Blois : une enquête préliminaire ouverte trente ans après l'agression sexuelle d'une religieuse

Trente ans après avoir été victime d'une agression sexuelle, une ancienne religieuse a brisé le silence. Après son dépôt de plainte en avril, une autre victime potentielle du même prêtre s'est manifestée. Le procureur de Blois a lancé une enquête préliminaire.

Des décennies plus tard, il est toujours aussi difficile et douloureux de briser le silence sur les violences sexuelles au sein de l'Église catholique. C'est ce tabou que Caroline, ancienne religieuse du Loir-et-Cher habitant désormais Limoges, veut remettre en cause. C'est la raison du signalement qu'elle a envoyé au palais de justice de Blois en avril 2019, concernant une agression sexuelle dont elle a été victime il y a trente ans. Une enquête préliminaire a été ouverte et une autre victime potentielle a également été identifiée dans le Loir-et-Cher, comme le confirme le procureur, Frédéric Chevallier. 

 

Agressée pendant la confession

L'affaire remonte à la fin des années 80. A l'époque, Caroline est une religieuse d'une vingtaine d'années au sein de la Communauté des Béatitudes, dont dépend un petit lieu de retraite à Nouans-le-Fuzelier. Le père Jacques Marin, âgé, lui d'une soixantaine d'années, est alors une "star". On fait des kilomètres pour le voir et bénéficier de son "charisme de guérison".

C'est lors d'une confession, et en prétendant utiliser ce don reconnu par l'Église, que le prêtre se serait livré à des attouchements selon l'ancienne religieuse. Caroline vivra les trente années suivantes dans le silence. Elle quitte la communauté après quelques mois mais poursuit son engagement auprès de l'Église. En 2016, un décret du prélat de la Mission de France finit par retirer au père Marin "la faculté d'entendre les confessions", invoquant pêle-mêle des "gestes et attitudes" déplacés, la surdité du clerc et son grand âge, 86 ans au moment du décret.

 

 

Un témoignage fin septembre finalement annulé

"J'ai une colère en moi, parce que pendant des années, personne n'a rien dit, et parce que pendant des siècles, l'Église a couvert des crimes", témoigne Caroline, rencontrée à Limoges par France 3 Limousin. "Ces gens-là savaient qu'à un moment ou un autre ils devraient rendre des comptes, qu'ils devraient passer par la vérité", poursuit l'ancienne religieuse, qui affirme continuer à aimer son Église.

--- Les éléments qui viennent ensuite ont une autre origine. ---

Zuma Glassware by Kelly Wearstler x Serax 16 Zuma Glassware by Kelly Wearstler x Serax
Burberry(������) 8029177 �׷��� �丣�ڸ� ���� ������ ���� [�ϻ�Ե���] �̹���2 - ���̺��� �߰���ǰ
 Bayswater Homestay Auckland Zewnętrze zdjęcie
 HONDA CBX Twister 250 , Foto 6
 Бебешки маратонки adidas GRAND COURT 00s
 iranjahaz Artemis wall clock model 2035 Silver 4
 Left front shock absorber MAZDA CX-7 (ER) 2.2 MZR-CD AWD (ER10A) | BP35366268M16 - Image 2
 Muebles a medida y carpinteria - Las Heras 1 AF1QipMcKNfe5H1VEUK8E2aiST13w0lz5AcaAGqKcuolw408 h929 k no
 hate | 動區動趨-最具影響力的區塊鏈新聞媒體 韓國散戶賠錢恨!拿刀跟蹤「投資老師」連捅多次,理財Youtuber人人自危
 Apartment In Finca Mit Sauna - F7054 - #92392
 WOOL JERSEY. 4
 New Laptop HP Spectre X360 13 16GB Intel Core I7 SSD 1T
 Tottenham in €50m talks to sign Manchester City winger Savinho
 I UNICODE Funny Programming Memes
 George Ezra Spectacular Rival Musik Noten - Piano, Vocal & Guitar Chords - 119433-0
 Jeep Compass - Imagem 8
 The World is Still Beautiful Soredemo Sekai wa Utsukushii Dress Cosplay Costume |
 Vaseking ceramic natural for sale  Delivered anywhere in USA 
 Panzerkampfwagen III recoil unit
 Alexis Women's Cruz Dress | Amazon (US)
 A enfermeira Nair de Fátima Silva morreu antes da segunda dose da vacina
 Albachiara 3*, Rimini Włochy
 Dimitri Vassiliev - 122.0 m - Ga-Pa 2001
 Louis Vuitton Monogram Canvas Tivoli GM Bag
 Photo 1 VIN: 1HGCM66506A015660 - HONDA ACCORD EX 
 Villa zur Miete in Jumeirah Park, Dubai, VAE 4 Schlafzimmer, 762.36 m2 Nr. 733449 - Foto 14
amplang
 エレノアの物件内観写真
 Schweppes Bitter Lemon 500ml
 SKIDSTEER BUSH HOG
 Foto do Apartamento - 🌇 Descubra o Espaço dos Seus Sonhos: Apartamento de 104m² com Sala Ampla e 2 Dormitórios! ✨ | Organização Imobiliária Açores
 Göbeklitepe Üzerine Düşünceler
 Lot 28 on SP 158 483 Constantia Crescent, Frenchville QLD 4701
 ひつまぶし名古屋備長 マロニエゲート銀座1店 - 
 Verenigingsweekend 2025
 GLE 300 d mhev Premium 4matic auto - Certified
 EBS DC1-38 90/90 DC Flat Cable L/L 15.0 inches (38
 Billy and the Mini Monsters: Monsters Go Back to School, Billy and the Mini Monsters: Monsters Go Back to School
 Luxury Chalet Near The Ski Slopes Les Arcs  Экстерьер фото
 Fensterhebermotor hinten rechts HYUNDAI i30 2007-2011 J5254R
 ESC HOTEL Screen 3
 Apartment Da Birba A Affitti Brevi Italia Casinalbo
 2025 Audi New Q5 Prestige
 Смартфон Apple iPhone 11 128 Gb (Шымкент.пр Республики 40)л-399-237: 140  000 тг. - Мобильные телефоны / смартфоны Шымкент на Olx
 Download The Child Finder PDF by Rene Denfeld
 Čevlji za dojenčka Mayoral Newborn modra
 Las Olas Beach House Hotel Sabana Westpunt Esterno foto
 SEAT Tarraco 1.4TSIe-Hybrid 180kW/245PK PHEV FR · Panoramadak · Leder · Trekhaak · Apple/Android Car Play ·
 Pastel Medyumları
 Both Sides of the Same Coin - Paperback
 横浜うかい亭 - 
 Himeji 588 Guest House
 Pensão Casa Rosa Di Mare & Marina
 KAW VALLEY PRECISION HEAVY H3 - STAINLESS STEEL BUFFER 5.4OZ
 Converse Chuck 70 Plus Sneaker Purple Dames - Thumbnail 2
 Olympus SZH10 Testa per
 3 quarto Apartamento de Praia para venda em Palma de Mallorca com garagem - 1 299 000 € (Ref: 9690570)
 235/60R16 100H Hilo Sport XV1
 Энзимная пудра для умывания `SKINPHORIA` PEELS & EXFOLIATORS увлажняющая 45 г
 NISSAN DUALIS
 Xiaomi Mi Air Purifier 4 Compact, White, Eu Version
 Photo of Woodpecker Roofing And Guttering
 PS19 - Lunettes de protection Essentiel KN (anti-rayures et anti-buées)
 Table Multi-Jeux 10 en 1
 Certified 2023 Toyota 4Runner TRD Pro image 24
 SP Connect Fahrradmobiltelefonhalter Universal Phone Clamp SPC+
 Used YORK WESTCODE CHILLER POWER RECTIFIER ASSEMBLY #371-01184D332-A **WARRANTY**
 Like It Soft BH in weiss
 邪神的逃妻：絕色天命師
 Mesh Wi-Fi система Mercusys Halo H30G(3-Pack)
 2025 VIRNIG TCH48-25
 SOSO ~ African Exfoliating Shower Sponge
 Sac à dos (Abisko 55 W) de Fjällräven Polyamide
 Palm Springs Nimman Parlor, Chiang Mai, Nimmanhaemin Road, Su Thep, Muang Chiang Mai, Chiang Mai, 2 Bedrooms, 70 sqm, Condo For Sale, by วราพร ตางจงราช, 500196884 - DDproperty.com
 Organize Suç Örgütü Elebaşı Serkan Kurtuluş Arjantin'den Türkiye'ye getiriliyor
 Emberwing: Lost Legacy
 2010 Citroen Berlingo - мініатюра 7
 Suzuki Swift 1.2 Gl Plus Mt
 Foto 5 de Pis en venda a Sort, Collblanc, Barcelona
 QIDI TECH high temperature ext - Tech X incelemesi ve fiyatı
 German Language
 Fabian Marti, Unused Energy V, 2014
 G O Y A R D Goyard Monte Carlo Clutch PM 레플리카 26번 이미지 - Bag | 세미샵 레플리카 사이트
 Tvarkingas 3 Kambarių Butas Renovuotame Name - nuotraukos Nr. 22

Il faut faire le ménage dans l'Eglise, sinon on se rend complice. C'est une maladie, il leur faut des soins. Il faut faire sortir ces gens-là de l'Eglise. C'est trop grave ! C'est trop grave.

Après avoir brisé le silence il y a un an, Caroline devait livrer son témoignage lors de la journée de rentrée organisée par l'Action catholique des femmes (ACF) de Haute-Vienne dans des locaux prêté par l'évêché local. Inquiet pour l'image de l'institution, l'évêque du diocèse, Mgr Bozo, a cependant insisté pour que cette prise de parole s'accompagne d'un "contrepoint" au récit de la victime. Une configuration dont se sont émues l'association et la victime, qui ont annulé l'événement jusqu'à nouvel ordre.
 

 

L'Église avance, mais part de loin

De son côté, l'Église catholique peut se targuer de quelques progrès dans la libération de la parole des victimes d'agressions sexuelles en son sein. Mais elle part de loin. En mai, le Pape a modifié la loi canonique via une bulle pontificale afin de rendre obligatoire le signalement de tout soupçon d'agression sexuelle ou de harcèlement à la hiérarchie de l'Eglise. La bulle ordonne également la mise en place de dispositifs permettant au public de signaler des cas d'agressions, et aux victimes d'être accompagnées.